ABOUT THIS TASK → Only one portion of the data is to be written out: from the line bearing "The Transformation of" through the line bearing "Believe in Yourself". Write it exactly as it appears.

SOURCE MATERIAL →

Start of Block

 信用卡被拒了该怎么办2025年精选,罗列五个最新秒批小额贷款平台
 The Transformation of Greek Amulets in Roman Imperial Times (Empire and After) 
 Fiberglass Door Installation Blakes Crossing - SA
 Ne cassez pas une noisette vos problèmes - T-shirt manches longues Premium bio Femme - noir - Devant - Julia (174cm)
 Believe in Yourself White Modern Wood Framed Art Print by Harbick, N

End of Block
Start of Block

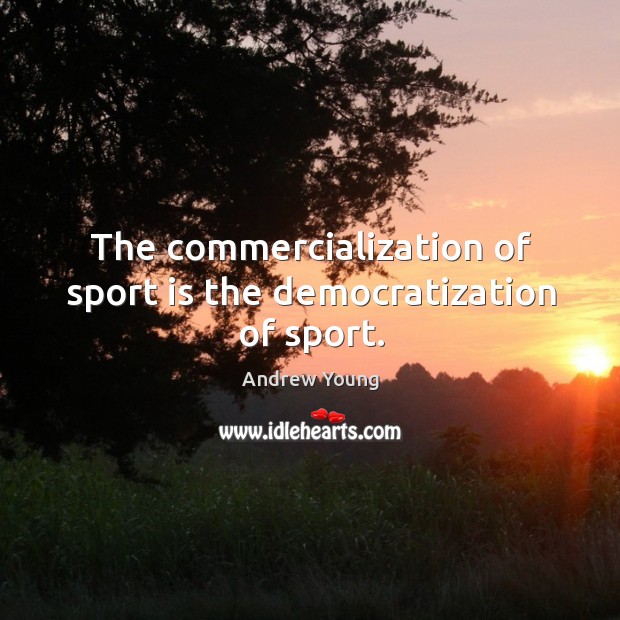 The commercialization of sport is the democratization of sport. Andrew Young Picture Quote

End of Block

TASK RESULT →
 The Transformation of Greek Amulets in Roman Imperial Times (Empire and After) 
 Fiberglass Door Installation Blakes Crossing - SA
 Ne cassez pas une noisette vos problèmes - T-shirt manches longues Premium bio Femme - noir - Devant - Julia (174cm)
 Believe in Yourself White Modern Wood Framed Art Print by Harbick, N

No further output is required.